Early bookings for ski season lodging look lower than even last year at this time, right after Sept. 11. War talk, a stock market tipping the wrong way, consumer confidence finally faltering to 1993 levels. Plenty of tea leaves portend more tough times ahead.
Local foreclosures appear on track for another record this year. Those upbeat smiles among the real estate crowd are beginning to look a bit more fixed, more grimace-like, as prices for most types of housing fade and units sit longer on the market awaiting sales.
We’ll see, soon enough, where the catalyst company is concerned. Budget cutting and layoffs are no fun for anyone. The ripples and recriminations will of course add to the pain all along the valley.
What we’ll also see, or ought to see, is government entities taking the cue and revising their expectations for the next year even lower. Businesses are already doing this, feeling the icy end of the cold fact that they cannot take in less money than they expend for very long.
The ski company’s actions to protect the franchise will naturally translate into accusations of greed, mainly from people who could not balance their own checkbooks or quite understand why they must. The sad reality of actual greed among glamour CEOs and other high execs, some of whom have put their vacation homes up for sale here, will sharpen the stick of criticism locally. The sad symbolic consequence of the revelations from Vail Resorts will likely feed a self-defeating pessimism, at least for a time. The hand-wringing alone may raise a gale.

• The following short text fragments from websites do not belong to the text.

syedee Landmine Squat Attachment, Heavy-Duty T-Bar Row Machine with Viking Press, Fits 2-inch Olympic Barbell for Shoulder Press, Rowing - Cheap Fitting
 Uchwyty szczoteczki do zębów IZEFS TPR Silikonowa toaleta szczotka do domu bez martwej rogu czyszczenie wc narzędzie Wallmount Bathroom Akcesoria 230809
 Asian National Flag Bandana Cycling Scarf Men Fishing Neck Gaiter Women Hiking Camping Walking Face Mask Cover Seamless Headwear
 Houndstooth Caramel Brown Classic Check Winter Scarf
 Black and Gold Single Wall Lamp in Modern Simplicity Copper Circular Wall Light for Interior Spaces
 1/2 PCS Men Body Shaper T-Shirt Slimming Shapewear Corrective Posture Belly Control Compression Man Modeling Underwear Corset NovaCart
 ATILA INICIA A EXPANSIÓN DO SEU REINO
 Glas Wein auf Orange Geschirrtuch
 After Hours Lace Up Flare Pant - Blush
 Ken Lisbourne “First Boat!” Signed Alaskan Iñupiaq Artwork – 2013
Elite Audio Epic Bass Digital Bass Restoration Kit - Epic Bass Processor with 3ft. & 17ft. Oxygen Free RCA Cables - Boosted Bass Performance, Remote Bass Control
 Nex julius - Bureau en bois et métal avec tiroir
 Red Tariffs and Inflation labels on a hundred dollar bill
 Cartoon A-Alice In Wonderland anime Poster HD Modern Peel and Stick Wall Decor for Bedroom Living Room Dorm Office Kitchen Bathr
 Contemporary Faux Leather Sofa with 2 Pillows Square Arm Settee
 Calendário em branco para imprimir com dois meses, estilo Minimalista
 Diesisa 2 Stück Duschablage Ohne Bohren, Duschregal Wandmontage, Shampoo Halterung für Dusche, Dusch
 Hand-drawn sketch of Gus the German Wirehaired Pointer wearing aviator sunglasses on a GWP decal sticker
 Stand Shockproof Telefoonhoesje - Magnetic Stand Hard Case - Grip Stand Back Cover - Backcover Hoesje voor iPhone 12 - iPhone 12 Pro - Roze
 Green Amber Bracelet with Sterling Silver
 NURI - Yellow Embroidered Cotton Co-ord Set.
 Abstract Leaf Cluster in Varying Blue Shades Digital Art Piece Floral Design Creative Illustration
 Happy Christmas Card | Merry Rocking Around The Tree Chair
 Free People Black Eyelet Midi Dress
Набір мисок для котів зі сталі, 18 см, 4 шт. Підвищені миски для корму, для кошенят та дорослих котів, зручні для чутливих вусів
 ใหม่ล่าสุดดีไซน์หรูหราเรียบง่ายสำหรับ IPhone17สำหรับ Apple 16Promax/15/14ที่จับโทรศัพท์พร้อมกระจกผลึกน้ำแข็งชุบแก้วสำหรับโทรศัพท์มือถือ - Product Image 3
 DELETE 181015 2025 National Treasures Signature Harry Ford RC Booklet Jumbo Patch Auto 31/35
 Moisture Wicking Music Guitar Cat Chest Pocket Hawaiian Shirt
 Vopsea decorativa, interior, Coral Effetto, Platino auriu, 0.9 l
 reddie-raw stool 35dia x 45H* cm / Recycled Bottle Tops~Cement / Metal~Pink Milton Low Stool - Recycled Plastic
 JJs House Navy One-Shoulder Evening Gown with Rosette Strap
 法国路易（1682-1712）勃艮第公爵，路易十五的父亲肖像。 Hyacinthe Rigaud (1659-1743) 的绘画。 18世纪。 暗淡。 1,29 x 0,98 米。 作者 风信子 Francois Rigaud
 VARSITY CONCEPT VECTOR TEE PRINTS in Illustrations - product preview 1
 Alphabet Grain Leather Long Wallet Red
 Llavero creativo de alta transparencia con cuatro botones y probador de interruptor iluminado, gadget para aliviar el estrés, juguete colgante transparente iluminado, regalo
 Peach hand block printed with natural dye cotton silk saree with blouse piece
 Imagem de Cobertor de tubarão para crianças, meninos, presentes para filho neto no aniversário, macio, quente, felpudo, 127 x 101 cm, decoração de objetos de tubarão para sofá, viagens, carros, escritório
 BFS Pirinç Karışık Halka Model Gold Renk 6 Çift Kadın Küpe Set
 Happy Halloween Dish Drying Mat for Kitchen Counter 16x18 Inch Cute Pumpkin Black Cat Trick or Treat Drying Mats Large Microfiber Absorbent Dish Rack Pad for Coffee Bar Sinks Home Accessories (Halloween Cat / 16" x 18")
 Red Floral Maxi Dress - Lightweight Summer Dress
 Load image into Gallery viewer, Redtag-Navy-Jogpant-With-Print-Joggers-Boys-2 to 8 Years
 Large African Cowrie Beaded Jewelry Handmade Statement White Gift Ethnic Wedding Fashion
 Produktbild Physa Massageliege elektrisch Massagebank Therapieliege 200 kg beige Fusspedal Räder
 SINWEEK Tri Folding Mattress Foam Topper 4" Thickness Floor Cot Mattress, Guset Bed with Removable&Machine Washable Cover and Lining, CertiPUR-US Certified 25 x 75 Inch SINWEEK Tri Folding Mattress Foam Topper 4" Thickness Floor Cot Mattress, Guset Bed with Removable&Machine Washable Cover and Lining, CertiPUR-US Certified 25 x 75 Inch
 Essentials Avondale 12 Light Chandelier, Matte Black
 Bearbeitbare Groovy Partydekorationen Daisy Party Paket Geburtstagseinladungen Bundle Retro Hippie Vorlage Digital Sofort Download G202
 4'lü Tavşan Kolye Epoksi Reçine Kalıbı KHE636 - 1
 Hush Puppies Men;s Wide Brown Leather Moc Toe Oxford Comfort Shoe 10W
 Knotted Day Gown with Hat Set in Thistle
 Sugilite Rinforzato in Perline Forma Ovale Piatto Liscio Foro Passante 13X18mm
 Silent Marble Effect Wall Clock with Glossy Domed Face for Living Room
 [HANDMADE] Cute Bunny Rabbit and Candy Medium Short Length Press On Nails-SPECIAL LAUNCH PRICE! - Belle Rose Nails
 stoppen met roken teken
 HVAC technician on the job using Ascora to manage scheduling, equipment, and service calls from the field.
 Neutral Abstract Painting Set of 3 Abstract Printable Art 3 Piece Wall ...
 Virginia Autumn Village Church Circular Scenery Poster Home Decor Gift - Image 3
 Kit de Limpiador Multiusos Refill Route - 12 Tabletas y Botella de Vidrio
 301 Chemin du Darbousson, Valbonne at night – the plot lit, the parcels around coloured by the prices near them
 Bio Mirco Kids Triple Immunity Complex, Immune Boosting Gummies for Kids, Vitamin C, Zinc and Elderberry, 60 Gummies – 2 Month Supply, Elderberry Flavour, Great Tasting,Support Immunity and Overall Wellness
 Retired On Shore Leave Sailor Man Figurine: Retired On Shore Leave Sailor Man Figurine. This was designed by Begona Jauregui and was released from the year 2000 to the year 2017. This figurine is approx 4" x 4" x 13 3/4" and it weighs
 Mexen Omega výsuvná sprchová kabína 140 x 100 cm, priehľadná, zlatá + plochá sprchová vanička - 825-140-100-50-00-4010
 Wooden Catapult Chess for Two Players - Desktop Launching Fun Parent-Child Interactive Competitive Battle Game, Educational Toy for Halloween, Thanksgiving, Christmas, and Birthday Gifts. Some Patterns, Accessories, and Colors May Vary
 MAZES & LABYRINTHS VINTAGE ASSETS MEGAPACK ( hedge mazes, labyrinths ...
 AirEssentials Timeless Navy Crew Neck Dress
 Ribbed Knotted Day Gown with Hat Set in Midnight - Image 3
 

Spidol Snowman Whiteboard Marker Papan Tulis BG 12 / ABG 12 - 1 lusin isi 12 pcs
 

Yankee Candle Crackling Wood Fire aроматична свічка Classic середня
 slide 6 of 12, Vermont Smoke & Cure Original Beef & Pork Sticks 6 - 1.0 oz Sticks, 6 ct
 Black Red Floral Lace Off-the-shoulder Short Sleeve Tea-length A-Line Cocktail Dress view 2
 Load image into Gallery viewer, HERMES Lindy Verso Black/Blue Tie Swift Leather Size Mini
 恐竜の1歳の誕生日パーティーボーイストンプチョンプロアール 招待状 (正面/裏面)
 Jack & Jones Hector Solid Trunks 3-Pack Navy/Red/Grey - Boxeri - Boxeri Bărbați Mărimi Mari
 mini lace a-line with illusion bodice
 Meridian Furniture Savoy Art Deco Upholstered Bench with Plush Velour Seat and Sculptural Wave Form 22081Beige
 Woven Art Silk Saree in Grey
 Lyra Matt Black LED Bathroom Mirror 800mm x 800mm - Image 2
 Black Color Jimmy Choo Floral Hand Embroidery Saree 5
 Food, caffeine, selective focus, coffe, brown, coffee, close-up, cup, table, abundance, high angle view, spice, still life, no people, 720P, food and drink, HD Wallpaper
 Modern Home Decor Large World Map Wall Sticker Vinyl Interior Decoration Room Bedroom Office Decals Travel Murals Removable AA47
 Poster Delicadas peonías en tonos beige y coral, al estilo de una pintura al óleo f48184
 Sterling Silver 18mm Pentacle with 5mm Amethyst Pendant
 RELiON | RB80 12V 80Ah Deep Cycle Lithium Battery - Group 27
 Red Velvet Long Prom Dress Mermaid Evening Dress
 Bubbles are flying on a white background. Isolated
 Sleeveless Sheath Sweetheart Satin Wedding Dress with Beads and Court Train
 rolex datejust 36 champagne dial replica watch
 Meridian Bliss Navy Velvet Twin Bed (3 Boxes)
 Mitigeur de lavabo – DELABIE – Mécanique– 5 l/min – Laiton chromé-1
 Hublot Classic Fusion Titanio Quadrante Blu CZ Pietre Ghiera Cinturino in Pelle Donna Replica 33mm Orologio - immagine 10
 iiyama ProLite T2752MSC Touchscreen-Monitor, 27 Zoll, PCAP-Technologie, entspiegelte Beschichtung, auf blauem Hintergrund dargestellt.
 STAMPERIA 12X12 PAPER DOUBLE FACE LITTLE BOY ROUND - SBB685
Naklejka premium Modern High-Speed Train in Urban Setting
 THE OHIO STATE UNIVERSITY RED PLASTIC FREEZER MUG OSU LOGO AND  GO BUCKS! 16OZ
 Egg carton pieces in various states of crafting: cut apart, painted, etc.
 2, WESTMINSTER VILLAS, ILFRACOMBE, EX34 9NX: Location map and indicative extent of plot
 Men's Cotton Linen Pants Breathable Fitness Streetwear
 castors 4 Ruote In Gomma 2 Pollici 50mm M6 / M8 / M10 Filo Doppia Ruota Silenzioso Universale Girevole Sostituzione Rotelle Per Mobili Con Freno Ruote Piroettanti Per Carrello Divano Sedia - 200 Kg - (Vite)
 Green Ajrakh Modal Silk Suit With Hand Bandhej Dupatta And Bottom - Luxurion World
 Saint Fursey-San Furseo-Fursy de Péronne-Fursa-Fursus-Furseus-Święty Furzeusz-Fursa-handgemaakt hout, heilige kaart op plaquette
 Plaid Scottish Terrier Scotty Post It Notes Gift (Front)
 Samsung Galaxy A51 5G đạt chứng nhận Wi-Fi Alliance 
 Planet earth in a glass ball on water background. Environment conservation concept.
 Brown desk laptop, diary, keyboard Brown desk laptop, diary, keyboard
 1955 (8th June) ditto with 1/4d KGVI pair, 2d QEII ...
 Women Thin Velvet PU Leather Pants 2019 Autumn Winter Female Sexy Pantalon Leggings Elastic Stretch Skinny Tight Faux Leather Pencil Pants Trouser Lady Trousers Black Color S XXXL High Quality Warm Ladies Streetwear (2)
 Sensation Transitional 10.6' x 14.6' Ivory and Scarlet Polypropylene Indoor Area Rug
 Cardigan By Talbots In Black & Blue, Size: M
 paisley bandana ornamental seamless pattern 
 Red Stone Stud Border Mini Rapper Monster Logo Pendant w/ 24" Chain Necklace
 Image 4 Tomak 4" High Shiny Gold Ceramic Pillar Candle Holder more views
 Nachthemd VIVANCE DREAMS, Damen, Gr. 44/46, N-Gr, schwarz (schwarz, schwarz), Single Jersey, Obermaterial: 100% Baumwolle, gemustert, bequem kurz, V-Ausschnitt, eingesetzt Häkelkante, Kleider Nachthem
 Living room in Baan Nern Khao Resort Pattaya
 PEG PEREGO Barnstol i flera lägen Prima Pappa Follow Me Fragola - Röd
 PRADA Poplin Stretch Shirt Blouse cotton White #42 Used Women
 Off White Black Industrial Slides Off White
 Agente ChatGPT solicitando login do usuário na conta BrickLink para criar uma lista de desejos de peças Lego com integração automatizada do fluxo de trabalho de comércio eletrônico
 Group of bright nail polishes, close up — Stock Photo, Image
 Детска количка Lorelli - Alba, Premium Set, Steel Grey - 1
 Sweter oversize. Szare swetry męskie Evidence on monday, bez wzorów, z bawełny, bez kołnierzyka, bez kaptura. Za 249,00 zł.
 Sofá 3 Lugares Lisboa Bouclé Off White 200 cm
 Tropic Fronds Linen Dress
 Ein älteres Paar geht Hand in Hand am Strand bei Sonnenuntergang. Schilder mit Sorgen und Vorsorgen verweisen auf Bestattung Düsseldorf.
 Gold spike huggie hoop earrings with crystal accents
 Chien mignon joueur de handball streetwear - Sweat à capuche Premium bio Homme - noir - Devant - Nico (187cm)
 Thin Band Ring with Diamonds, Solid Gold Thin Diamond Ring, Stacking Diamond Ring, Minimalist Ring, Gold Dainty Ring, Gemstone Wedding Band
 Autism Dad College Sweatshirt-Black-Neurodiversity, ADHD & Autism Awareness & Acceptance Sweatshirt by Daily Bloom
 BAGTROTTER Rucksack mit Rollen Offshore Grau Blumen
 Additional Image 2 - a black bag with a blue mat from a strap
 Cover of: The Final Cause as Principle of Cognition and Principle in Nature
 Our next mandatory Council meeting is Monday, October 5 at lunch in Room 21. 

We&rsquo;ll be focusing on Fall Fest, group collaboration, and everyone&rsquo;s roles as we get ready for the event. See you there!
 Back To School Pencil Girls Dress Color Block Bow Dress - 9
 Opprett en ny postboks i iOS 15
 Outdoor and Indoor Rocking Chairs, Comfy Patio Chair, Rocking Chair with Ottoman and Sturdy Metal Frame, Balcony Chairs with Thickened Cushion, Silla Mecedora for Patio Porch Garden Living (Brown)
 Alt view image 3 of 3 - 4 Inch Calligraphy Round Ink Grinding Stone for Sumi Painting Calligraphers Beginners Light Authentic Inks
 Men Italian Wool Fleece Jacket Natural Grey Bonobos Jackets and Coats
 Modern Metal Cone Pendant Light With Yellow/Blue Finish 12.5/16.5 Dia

How all this affects election decisions will be interesting, even disheartening. We’ve got a fistful of ballot measures seeking tax increases, all for good causes. It would be quite a stretch to imagine all of them sailing through like the ones last spring did.
Somehow, we manage to forget that the economy works in cycles. The market will not forever go mainly down in big 2-3 percent daily trading chunks, just as it was not destined to always emulate helium. Yes, the dot.scam days are done, but there will be more developments to get excited about in time, ideally ones with firmer foundations than that “New Economy” nonsense. Meanwhile the Internet world does continue to grow, however quietly now. More people are tapping in than ever.
Global warming may well be upon us, but we can bet the farm there’ll be a few snowy winters yet before we become Moab. Maybe the governor will even be compelled before Christmas to utter some wild-eyed exaggeration like: “It’s snowing all over Colorado!”
Even though our relatively gentle recession may yet bite harder before recovering more fully, the signs are not all doleful, either.
Developers stripped of belief in their indicators do not summon the bull dozers and endure the expense of building grand projects such as at Berry Creek and the Village at Avon, home to our first big box retailers and eventually 2,000 or so homes. Many of us may pine for that abandoned airstrip where a new era in High Country shopping is taking root. But it would be left to decay if our economic foundation and future truly were dark.
Yahoo! – remember them? – is reporting stronger than anticipated earnings, perhaps presaging the re-emergence of sounder dot-com enterprises. Traditional bellwether GE’s favorable earnings statement sent the Dow up 260 points Friday, after the index rose 240 points Thursday. At some point, an upward trend will settle in. It may come after war or the threat of war passes, after consumers recover from rattled nerves about spending, after winter. But it will come.
It’s been the Perfect Storm sort of year for the valley so tied to Wall Street and national happenings such as the Sept. 11 attacks, airline difficulties, struggling economy, bad boy (and girl) CEOs, looming war on Iraq. Combine that locally with low snow, fire and drought, and we’ve already weathered a lot. VR’s news to come will mean we’ll weather more yet, obviously.
Brace yourself. But also understand that all is not lost forever.